→ EXERCISE BRIEF
Where the listing below reaches the line containing "I Love Banging", start writing out lines exactly, and stop once the line containing "Title: Animal Strength" has been written.

→ ENTRIES SHOWN

* * *

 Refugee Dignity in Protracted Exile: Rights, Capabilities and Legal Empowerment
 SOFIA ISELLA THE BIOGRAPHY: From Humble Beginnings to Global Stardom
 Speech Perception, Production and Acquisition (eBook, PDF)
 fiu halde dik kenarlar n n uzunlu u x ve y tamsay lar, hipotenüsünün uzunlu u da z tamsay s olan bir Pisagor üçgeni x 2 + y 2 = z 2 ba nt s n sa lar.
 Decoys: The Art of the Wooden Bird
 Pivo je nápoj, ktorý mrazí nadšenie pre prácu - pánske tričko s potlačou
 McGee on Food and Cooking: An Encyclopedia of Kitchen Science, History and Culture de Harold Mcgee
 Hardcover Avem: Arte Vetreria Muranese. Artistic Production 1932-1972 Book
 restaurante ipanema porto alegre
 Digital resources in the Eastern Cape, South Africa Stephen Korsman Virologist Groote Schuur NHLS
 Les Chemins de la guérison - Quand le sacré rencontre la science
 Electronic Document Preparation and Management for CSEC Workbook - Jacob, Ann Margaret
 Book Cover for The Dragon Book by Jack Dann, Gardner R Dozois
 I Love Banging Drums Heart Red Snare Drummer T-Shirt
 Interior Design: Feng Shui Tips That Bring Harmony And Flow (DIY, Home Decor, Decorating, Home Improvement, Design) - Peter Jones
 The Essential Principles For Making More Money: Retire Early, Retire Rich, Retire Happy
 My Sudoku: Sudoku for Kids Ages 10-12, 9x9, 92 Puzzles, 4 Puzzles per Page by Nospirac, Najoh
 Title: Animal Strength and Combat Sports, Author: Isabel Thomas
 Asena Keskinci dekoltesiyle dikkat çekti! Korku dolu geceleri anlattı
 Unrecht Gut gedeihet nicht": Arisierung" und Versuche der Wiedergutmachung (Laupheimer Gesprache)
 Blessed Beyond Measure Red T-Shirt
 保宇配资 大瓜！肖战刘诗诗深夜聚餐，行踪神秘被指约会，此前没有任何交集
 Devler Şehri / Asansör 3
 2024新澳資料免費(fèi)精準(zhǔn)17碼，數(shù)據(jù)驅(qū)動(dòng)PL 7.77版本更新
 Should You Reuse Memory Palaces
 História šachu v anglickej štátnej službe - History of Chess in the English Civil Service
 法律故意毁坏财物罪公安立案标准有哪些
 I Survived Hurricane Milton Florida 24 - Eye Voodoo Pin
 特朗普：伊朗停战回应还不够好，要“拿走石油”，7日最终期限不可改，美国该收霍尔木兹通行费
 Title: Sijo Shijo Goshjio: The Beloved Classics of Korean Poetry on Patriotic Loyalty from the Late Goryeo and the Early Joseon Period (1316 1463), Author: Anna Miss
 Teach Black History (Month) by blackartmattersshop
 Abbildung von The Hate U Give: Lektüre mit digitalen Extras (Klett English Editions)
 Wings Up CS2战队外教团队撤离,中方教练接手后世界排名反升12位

* * *

→ RESULT FOR THIS TASK
 I Love Banging Drums Heart Red Snare Drummer T-Shirt
 Interior Design: Feng Shui Tips That Bring Harmony And Flow (DIY, Home Decor, Decorating, Home Improvement, Design) - Peter Jones
 The Essential Principles For Making More Money: Retire Early, Retire Rich, Retire Happy
 My Sudoku: Sudoku for Kids Ages 10-12, 9x9, 92 Puzzles, 4 Puzzles per Page by Nospirac, Najoh
 Title: Animal Strength and Combat Sports, Author: Isabel Thomas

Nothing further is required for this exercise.